**What the task asks**
Using the records that follow, reproduce exactly the lines starting at the line containing "Men's Seiko Premier 2016 Watch" and ending at the line containing "Unisex Missoni - Knit". Include both end lines and no pictures.

**Given data**
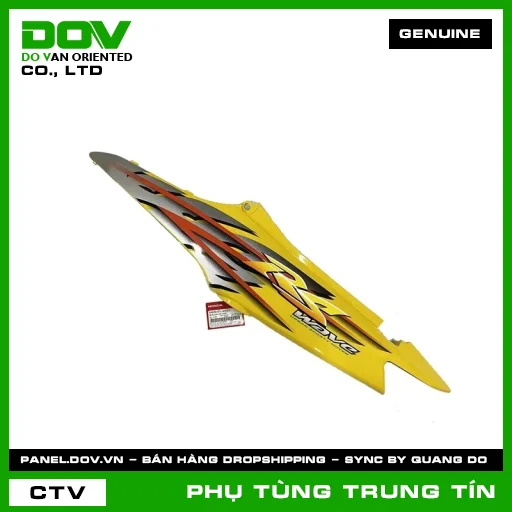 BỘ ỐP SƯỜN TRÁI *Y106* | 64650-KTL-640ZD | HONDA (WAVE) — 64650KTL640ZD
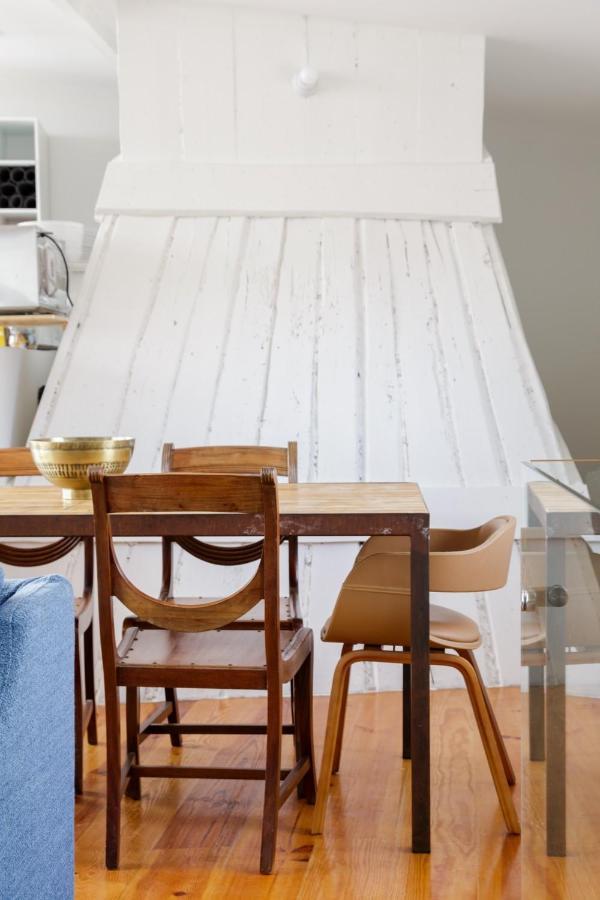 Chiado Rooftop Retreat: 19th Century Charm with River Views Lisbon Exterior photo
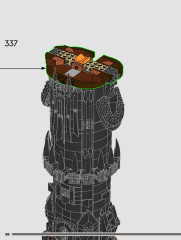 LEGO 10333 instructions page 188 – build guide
==
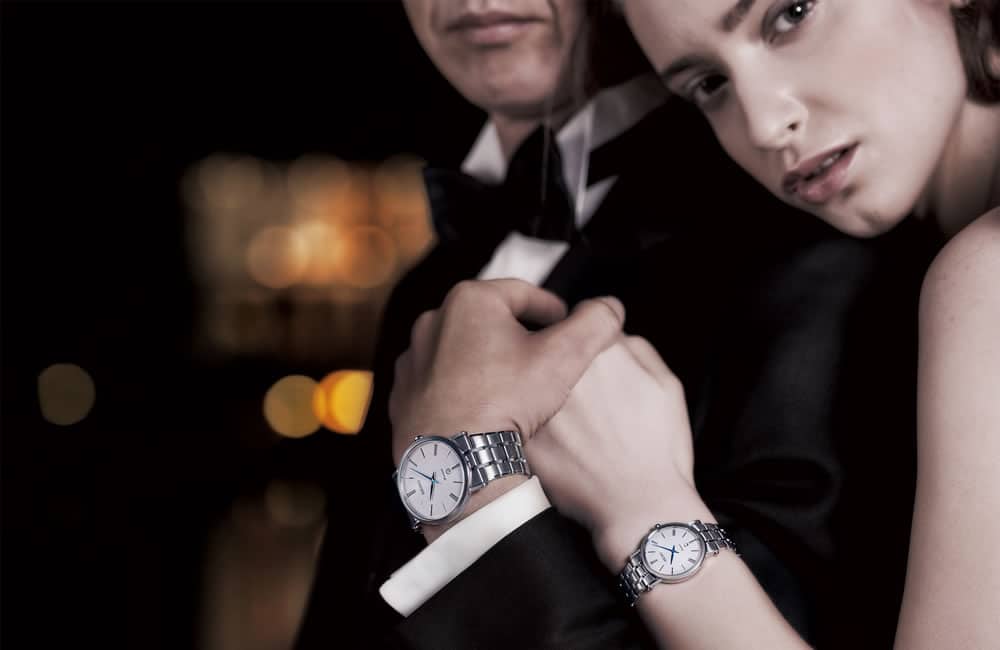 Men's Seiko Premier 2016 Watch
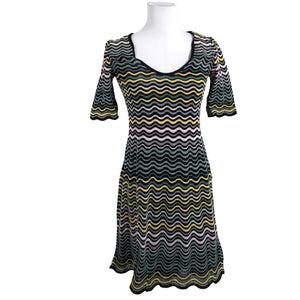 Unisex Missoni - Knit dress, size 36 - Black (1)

**Answer to this task**
 Men's Seiko Premier 2016 Watch
 Unisex Missoni - Knit dress, size 36 - Black (1)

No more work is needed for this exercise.